1.02 In performing such services, D.T. Gruelle Company may, at its
election, disburse finds in payment of Customs duties, services, bonds,
carrier’s charges, and other normal and customary expenses incurred in
performing its services. D.T. Gruelle
Company may also require payment of a deposit before undertaking or continuing
any services and advances, or may at any time refuse to undertake or continue
to perform services or make advances without prior payment.
1.03 In
consideration for D.T. Gruelle Company performing services, on behalf of
client, including any advancement of funds, client agrees to pay for D.T.
Gruelle Company performing services or advancing funds unless client has
established credit as stated in 1.06.
1.04 If
Payment is not timely made as provided, any other unpaid accounts with D.T.
Gruelle Company may, at its option, be declared and become fully due and
payable immediately.
1.05 In the event
of any default in payment due from client, client agrees to pay reasonable
collection costs and in the event, the account is referred to any attorney for
enforcement of collection, to pay reasonable attorney’s fees and costs.
1.06 If the
client qualifies for credit, client agrees to pay the total shown on the D.T.
Gruelle Company invoice upon receipt by the client. Unpaid balances will be deemed delinquent after 10 days and
subject to an annual finance charge of 18%.
1.07 Client
warrants and represents that the information given on this application is true
and correct.
1.08 Client
grants D.T. Gruelle Company a security interest in any property of client which
is, has been, or will be in D.T. Gruelle Company possession or control, until
full payment is made or any unpaid balance client owes D.T. Gruelle Company,
and authorizes D.T. Gruelle Company to retain the property, or stop it in
transit, to secure full payment.
1.09 This
agreement shall be a continuing agreement, but may be terminated at any time by
client or the D.T. Gruelle Company upon reasonable written notice.
1.10 Client
further agrees that this agreement is to be governed by the laws of the
Commonwealth of Pennsylvania, and that at the option of D.T. Gruelle Company;
the venue of any suit brought to enforce this agreement may be laid in
Allegheny County, Pennsylvania.
1.11 Client
agrees that all business handled by D.T. Gruelle Company is under the National
Customs Brokers and Freight Forwarders Association of America, Inc., terms and
conditions, which appears on the reverse side of D.T. Gruelle Company Invoices.
1.12 Client
agrees to Pay D.T. Gruelle Company a negotiated percentage of any duty
recoveries pertaining to protests, to obtain duty refunds, drawback etc.,
subject to a $25.00 minimum.
1.13 Other
mutually agreed repayment terms are as follows, superseding all of Section
1.06, except the finance charge issue:
APPROVED AND ACCEPTED, CLIENT / COMPANY:
_________________________________
Client
____________________________________
By - Authorized Officer -
Date
____________________________________
Printed / Typed Officers
Name - Title
*********************************************************
APPROVED AND ACCEPTED, D.T. GRUELLE
COMPANY:
_____________________________________
By - Authorized Officer -
Date
_____________________________________
Printed / Typed Officers
Name - Title
TERMS
AND CONDITIONS OF SERVICE
(Please
read carefully - This Document is also printed on the reverse of all D.T.
Gruelle Company Invoices)
All
shipments to or from the Customer, which term shall include the exporter,
importer, sender, receiver, owner, consignor, consignee, transfer of transferee
of the shipments, will be handled by D.T. Gruelle Company, Durard Timothy
Gruelle, International Trade and Logistics Management Services, Inc.
(thereafter called “Company) on the following terms and conditions:
1. Services by Third Parties.
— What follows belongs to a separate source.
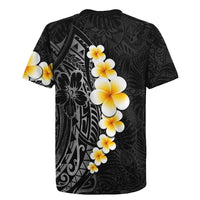 Black Tropical Plumeria With Galaxy Polynesian Art Rugby Jersey LT14 - Polynesian Pride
Unless the
Company carries, stores or otherwise physically handles the shipment, and loss
damage, expense or delay occurs during such activity, the Company assumes no
liabilities a carrier and is not to be held responsible for any loss, damage,
expense or delay to the goods to be forwarded or imported accept as provided in
paragraph 8 and subject to the limitations of paragraph 9 below, but undertakes
only to use reasonable care in the selection of carriers, truckmen, lightermen,
forwarders, customs brokers, agents, warehousemen and others to whom it may
entrust the goods for transportation, cartage, handling and/or delivery and/or
storage or otherwise. When the Company
carries, stores or otherwise physically handles the shipment, it does so
subject to the limitation of liability set forth in paragraph 8 below unless a
separate bill of lading, air waybill or other contract of carriage is issued by
the Company, in which event, the terms thereof shall govern.
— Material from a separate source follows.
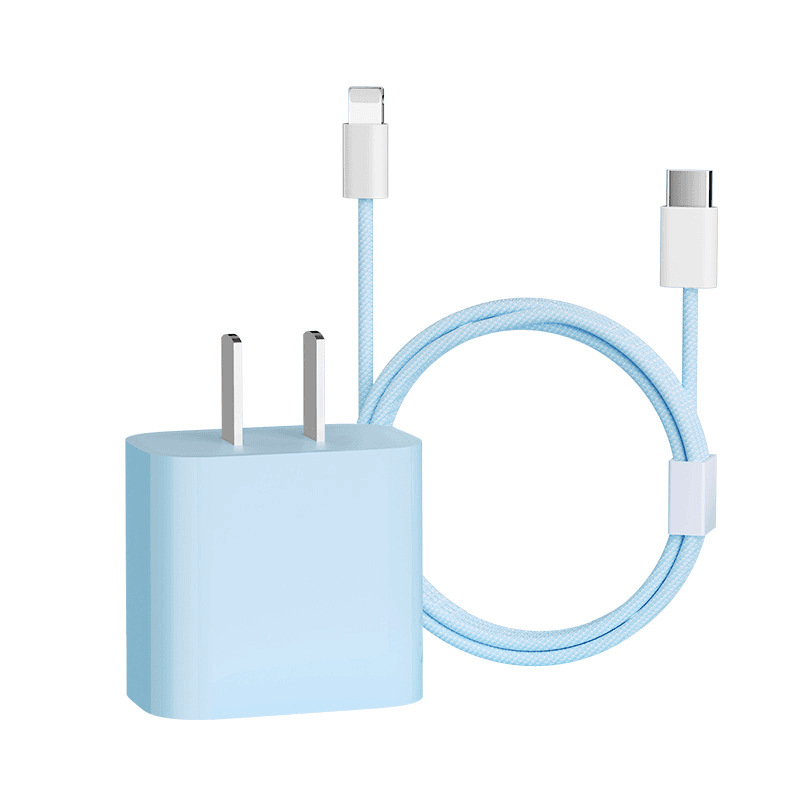 Transfronterizo PD20W / 30W cabeza de carga rápida para Apple cargador trenzado doble cable de datos c color macarón cabeza única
2. Liability Limitation of Third
Parties. The Company is authorized to select and engage carriers,
truckmen, lightermen, forwarders, customs brokers, agents, warehousemen and
others, as required, to transport, store, deal with and deliver the goods, all
of whom shall be considered as the agents of the Customer, and the goods may be
entrusted in such agencies subject to all conditions as to limitation of
liability for loss, damage, expense or delay and to all rules, regulations,
requirements and conditions, whether printed, written or stamped, appearing in
bills of lading, receipts or tariffs issued by such carriers, truckmen,
lightermen, forwarders, customs brokers, agents, warehousemen, and others. The Company shall under no circumstances be
liable for any loss, damage, expense or delay to the goods for any reason
whatsoever when said goods are in custody, possession or control of third
parties selected by the Company to forward, enter and clear, transport or
render other services with respect to such goods.
3.
Choosing Routes or Agents. Unless express instructions in writing are
received from the Customer, the Company has complete freedom in choosing the
means, route and procedure to be followed in the handling, transportation and
delivery of the goods. Advice by the
Company to the Customer that a particular person or firm has been selected to
render service with respect to the goods shall net be construed to mean that
the Company warrants or represents that such person or firm will render such
services.
4. Quotations Not Binding. Quotations as to fees, rates of duty, freight charges,
insurance, premiums or other charges given by the Company to the Customer are
for informational purposes only and are subject to change without notice and
shall not under any circumstances be binding upon the Company unless the
Company in writing, specifically undertakes the handling or transportation of
the shipment at a specific rate.
5. Duty to Furnish Information. (a) On an import at a reasonable time prior to
entering of the goods for U.S. Customs, the Customer shall furnish to the
Company invoices in proper from and other documents necessary [as defined by
Customs Regulations (a) (1) (a) list] or useful in the preparation of the U.S.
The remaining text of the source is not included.